Da Jugendkriminalität und Jugendgewalt häufig Folgen einer von den Jugendlichen empfundenen Perspektivlosigkeit sind, muss vor allem diese entschieden bekämpft werden. So sind eine gute Bildung und Ausbildung Voraussetzungen für Chancen auf dem Arbeitsmarkt und damit verbunden für sozialen Aufstieg. Wer beruflich und sozial integriert ist, der sieht Perspektiven und wird seltener straffällig. Grundvoraussetzung dafür ist die Beherrschung der deutschen Sprache. Gerade Kinder mit Migrationshintergrund müssen deshalb mit Fördermaßnahmen erreicht werden. Auch muss die Prävention an Schulen durch Schulpsychologen gestärkt werden. Mittel, die in Prävention investiert werden, verringern die Kosten für Strafverfolgung und weitere Folgekosten.

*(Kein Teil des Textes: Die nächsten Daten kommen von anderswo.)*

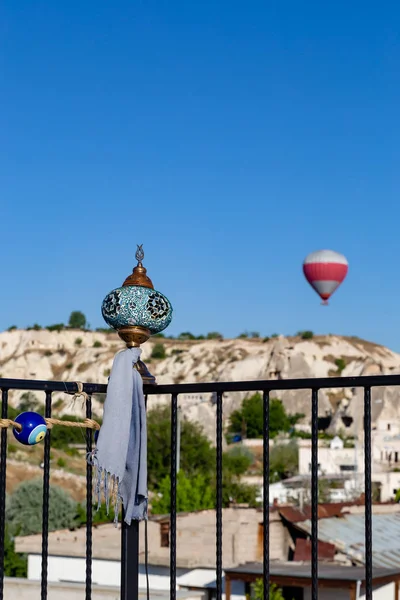 scarf tied to a turkish lamp on the balcony. on a blurred balloon background. cappadocia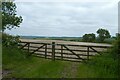 Gates onto a chalky field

Neben dem Bildungsbereich stellt das Sport- und Vereinsleben einen wichtigen Baustein zur sozialen Integration dar, der Ausgrenzung und ein Abdriften in die Kriminalität verhindern helfen kann. In diesen Bereichen muss deshalb weiterhin ein Schwerpunkt der Landespolitik liegen.

Der Landtag des Saarlandes:

· lehnt eine verstärkte Anwendung des Erwachsenenstrafrechts auf Heranwachsende sowie eine Erhöhung der Höchststrafe von 10 auf 15 Jahre bei der Jugendstrafe ab;

· sieht den Erziehungsgedanken im Jugendstrafrecht als wichtiges Mittel an, um kriminelle Karrieren zu beenden und die Gesellschaft vor künftigen Straftaten zu schützen;

· erkennt in Bildung, Sprachförderung und sozialer Integration Schlüssel zur Vorbeugung gegen Jugendkriminalität.

Der Landtag des Saarlandes fordert von der Landesregierung:

· eine bessere personelle Ausstattung in der Strafverfolgung bei Jugendsachen, um Verfahren zu beschleunigen und die Strafe „auf dem Fuße" folgen zu lassen und damit die bestehenden rechtlichen Möglichkeiten besser auszuschöpfen;

· eine bessere personelle Ausstattung und Stärkung der Bewährungshilfe;

· ein Erziehungsprojekt, das sich gezielt an jugendliche und heranwachsende Intensivtäter richtet;

· ein verstärktes Angebot von Maßnahmen wie zum Beispiel Anti-Aggressionskursen, damit den Jugendgerichten solche wirksamen Mittel gegen Jugendgewalt auch tatsächlich in ausreichender Zahl zur Verfügung stehen;

· die Einrichtung eines „Teen-Court"-Modellprojektes zur Bekämpfung von Bagatellkriminalität;

· den Ausbau bestehender und die Entwicklung von weiteren Präventionsprojekten und Integrationsmaßnahmen im Bildungsbereich, wie zum Beispiel „Wir im Verein mit dir" und „Früh Deutsch lernen", sowie den verstärkten Einsatz von Schulpsychologen.